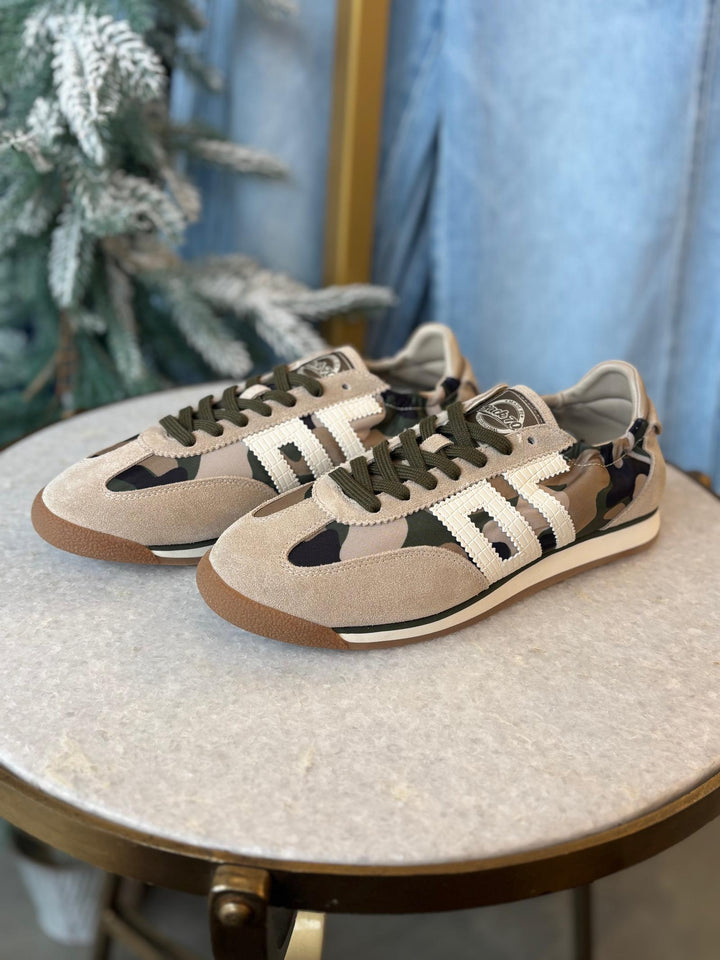 Camouflage sneakers on a round table with a decorative plant in the background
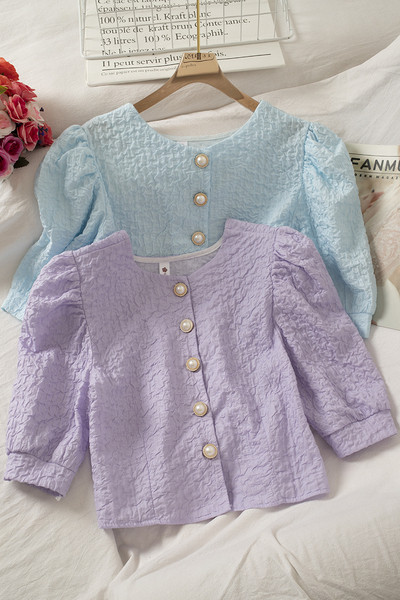 Lühike ümara kaeluse ja nööpidega naiste särk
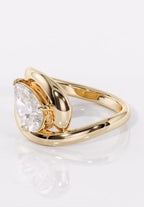 Side view showing the prong-secured pear cut diamond nestling inside a fluid yellow gold swirl setting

- ABOUT THIS EXERCISE -
Reproduce the preceding material exactly, skipping pictures.

- ANSWER SECTION -
 Camouflage sneakers on a round table with a decorative plant in the background
 Lühike ümara kaeluse ja nööpidega naiste särk
 Side view showing the prong-secured pear cut diamond nestling inside a fluid yellow gold swirl setting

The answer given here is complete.